YOUR INSTRUCTIONS
Output begins at the line with "Pruneaux Dénoyautés Bio" and ends at the last line of the records below. Copy each line in that span exactly, and leave out pictures.
+===+
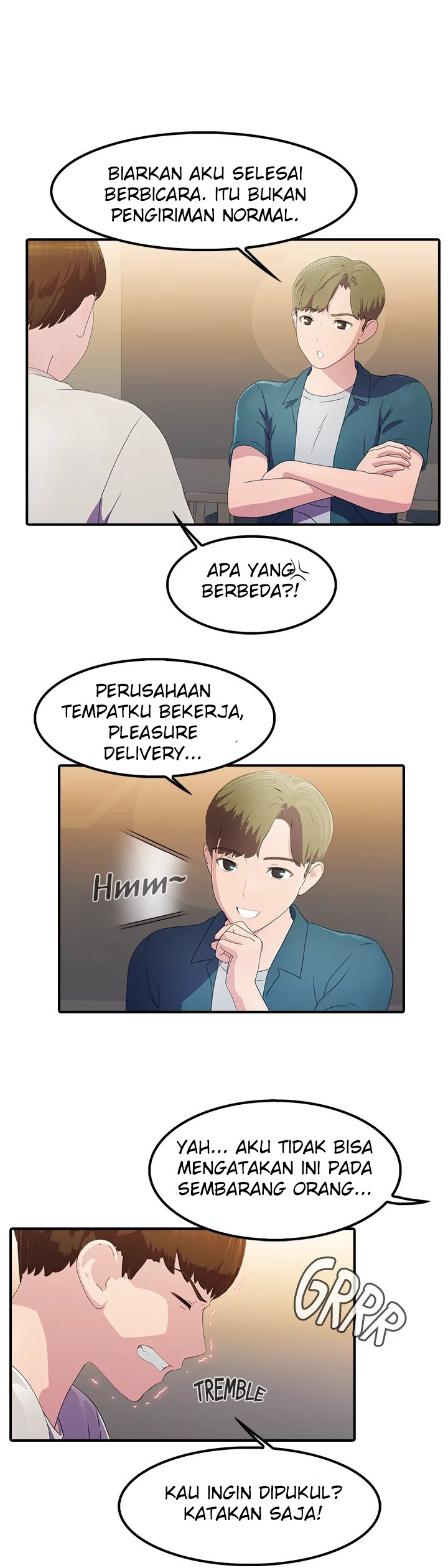 Pleasure Delivery: Chapter chapter-2 - Page 6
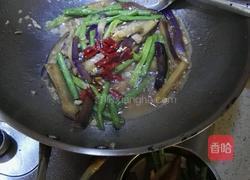 豆角烧茄子的做法图解9
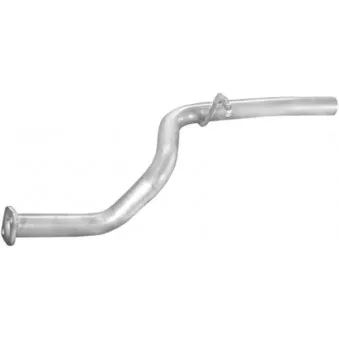 Tuyau d'échappement POLMO 10.107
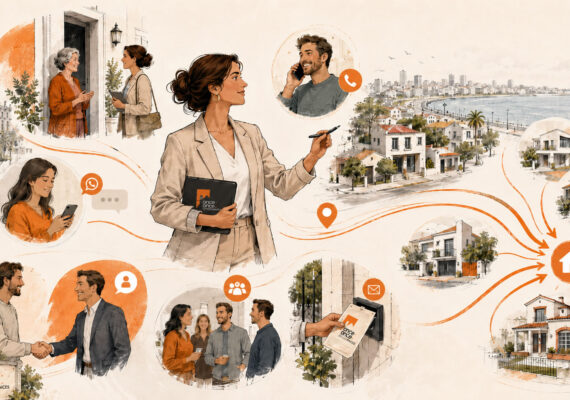 Estrategias para captar propiedades sin depender de portales inmobiliarios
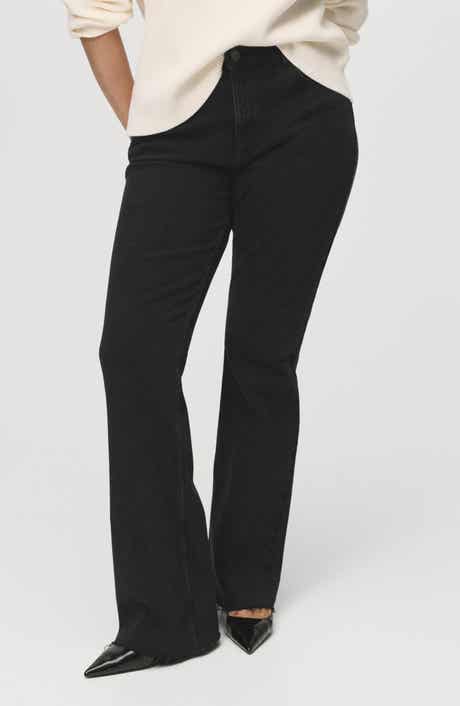 Fiona Mid Rise Flare Jeans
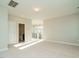 This bonus room features neutral carpet and plenty of light at 1800 Bright Lantern Way, Wendell, NC 27591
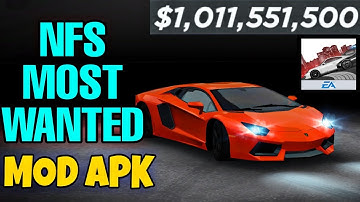 Need For Speed Most Wanted Mod Apk+Obb Download | NFS Most Wanted mod Apk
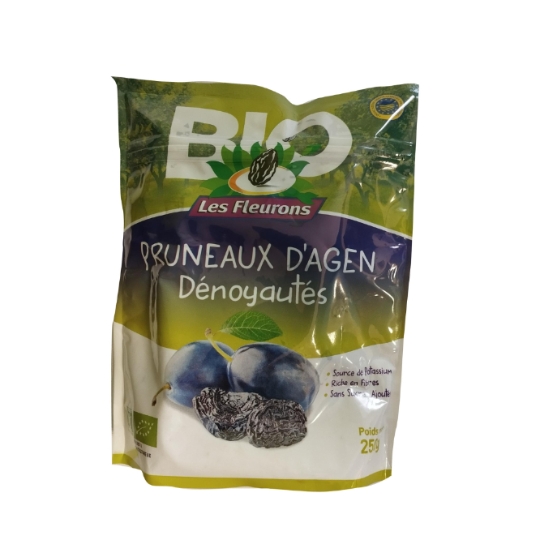 Pruneaux Dénoyautés Bio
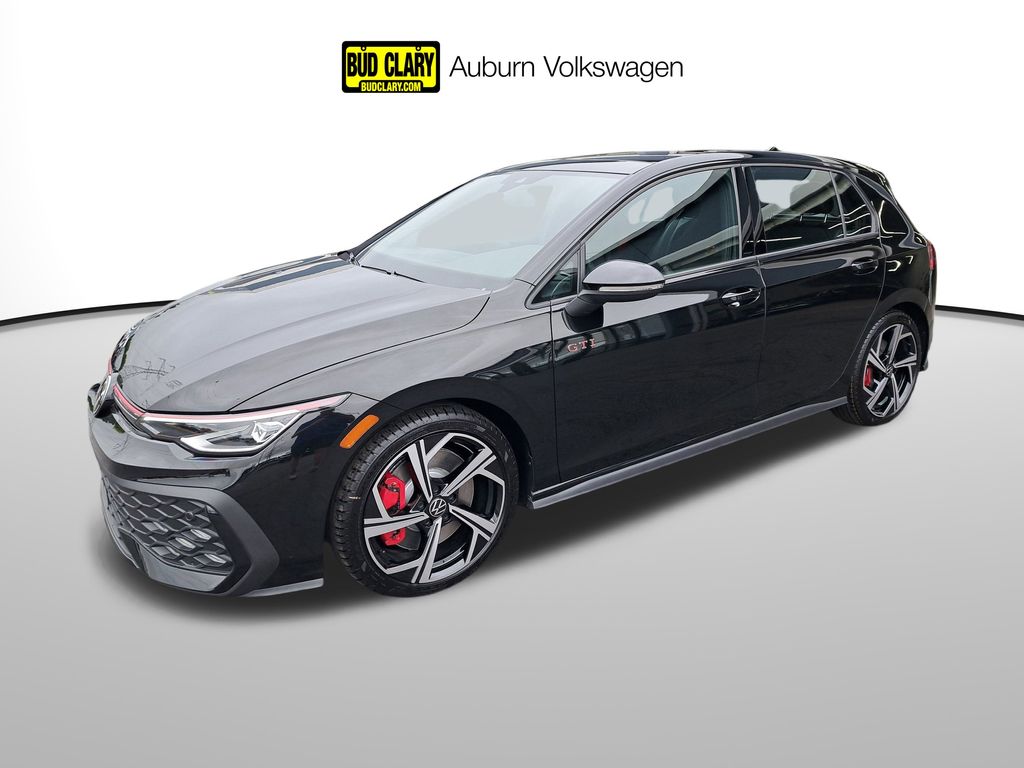 2025 Volkswagen Golf GTI SE's photo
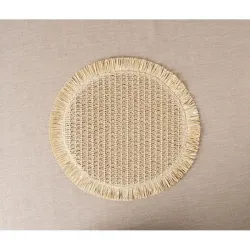 Compra MANTEL INDIVIDUAL FLECOS OKAPI diametro 38CM VINTHERA 5426483 al mejor precio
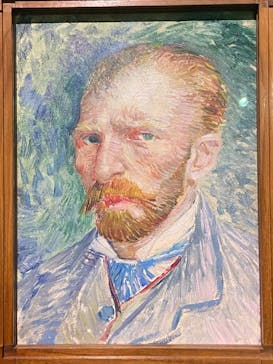 阪神・淡路大震災30年 　　大ゴッホ展　夜のカフェテラスに投稿された画像（2025/12/3）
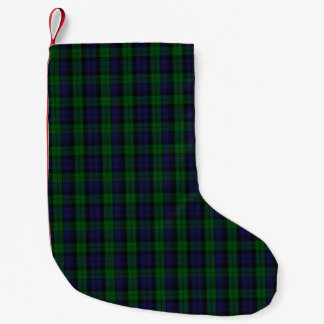 Meia De Natal Pequena Blackwatch Tartan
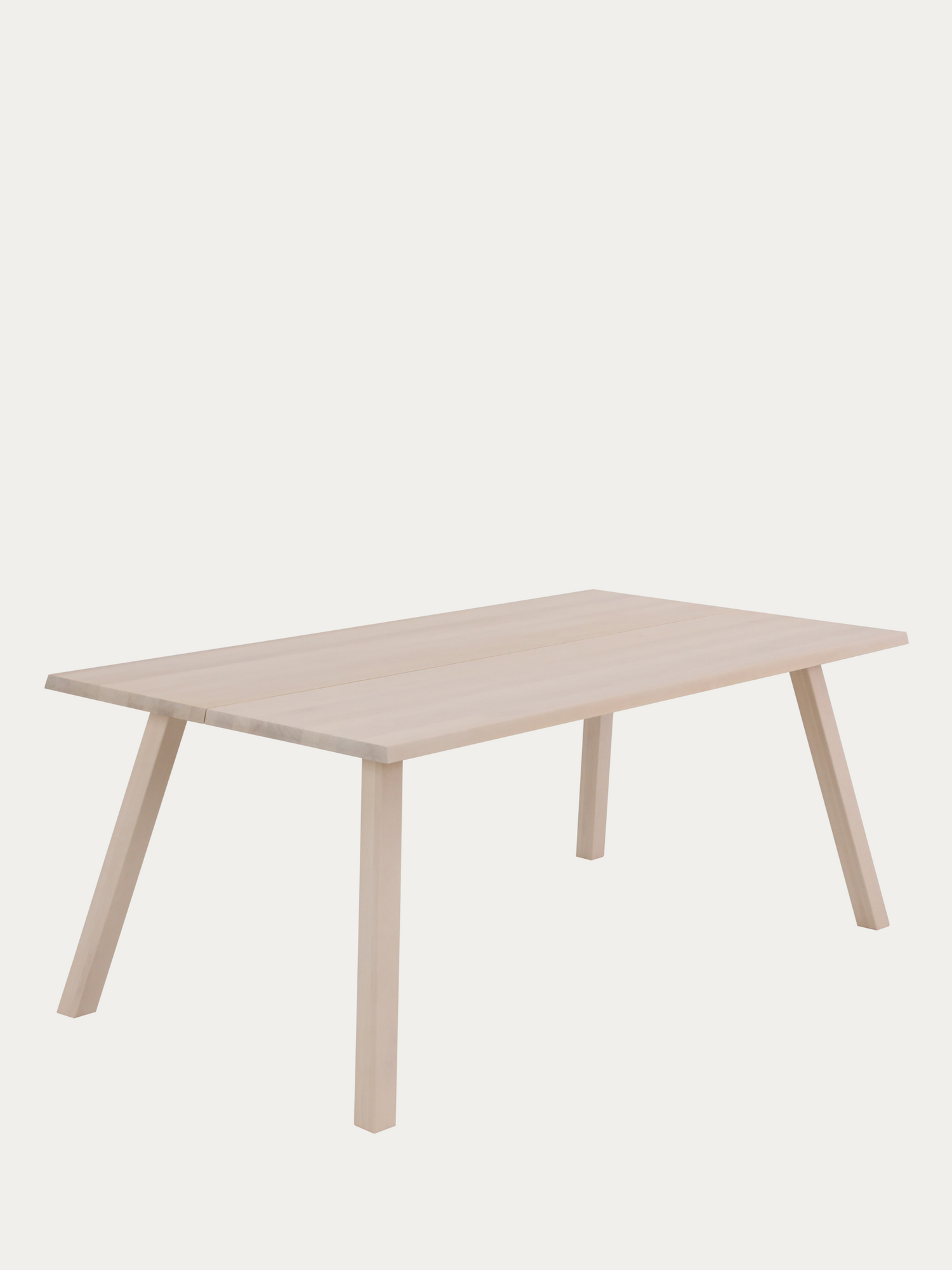 Talvik ruokapöytä Nordic koivu 95x160 - 240cm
+===+
EXPECTED ANSWER
 Pruneaux Dénoyautés Bio
 2025 Volkswagen Golf GTI SE's photo
 Compra MANTEL INDIVIDUAL FLECOS OKAPI diametro 38CM VINTHERA 5426483 al mejor precio
 阪神・淡路大震災30年 　　大ゴッホ展　夜のカフェテラスに投稿された画像（2025/12/3）
 Meia De Natal Pequena Blackwatch Tartan
 Talvik ruokapöytä Nordic koivu 95x160 - 240cm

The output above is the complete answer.